Shortly after Vice President JD Vance appeared to warn Pope Leo XIV to “be careful” when speaking about theology and taking issue with his description of the US conflict in Iran as unjust, the US bishops’ point-man on doctrine issued a forceful statement on the church’s teaching about just war theory.
Vance’s comments at a Turning Point USA event at the University of Georgia 14 April come amid fallout after President Donald Trump lashed out at Pope Leo XIV on social media and in verbal remarks the previous day, calling him “weak on crime” and “terrible for foreign policy,” as tensions escalate over the Iran war.
In a statement that did not name Vance, but was issued the day after his comments, Auxiliary Bishop James Massa of Brooklyn, New York, chairman of the US Conference of Catholic Bishops’ Committee on Doctrine, said, “For over a thousand years, the Catholic Church has taught just war theory and it is that long tradition the Holy Father carefully references in his comments on war.”

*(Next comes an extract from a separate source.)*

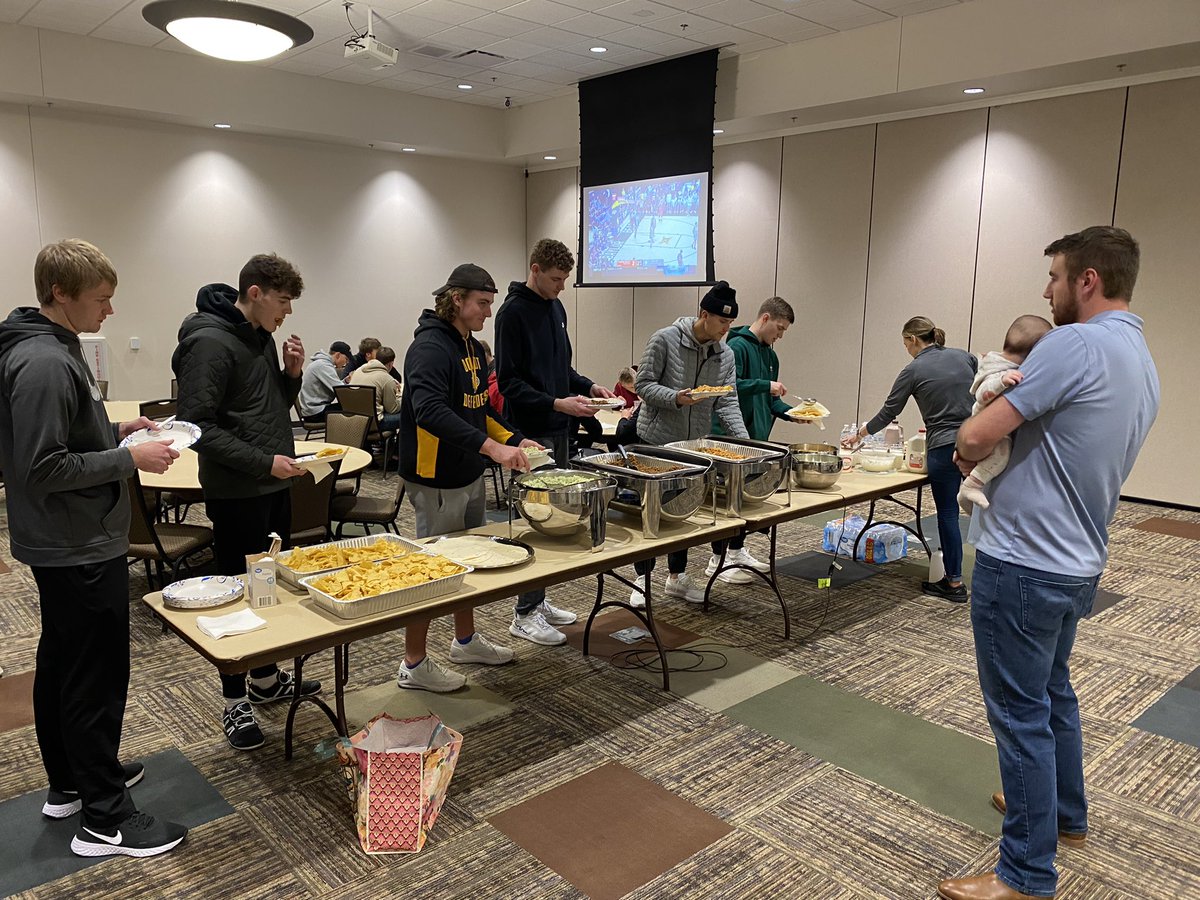DordtHoops's tweet photo. Last Christmas break meal of the year provided by Zach (2020 grad) and Emma Bussard! 💪😋

Very grateful for the amazing support from family and friends who make sure we stay well fed over the Christmas break. #DefenderWay https://t.co/9dxsBHzoKA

Vance invoked the church’s just war tradition at the TPUSA event, where he took issue with Pope Leo’s post on X in which the pontiff said God “is never on the side of those who once wielded the sword and today drop bombs.”
Pointing to the Catechism of the Catholic Church and other church documents, Vincent J. Miller, the Gudorf Chair in Catholic Theology and Culture at the University of Dayton, told OSV News, “The vice president’s answer shows he has much to learn about what the church actually teaches about peace and war.”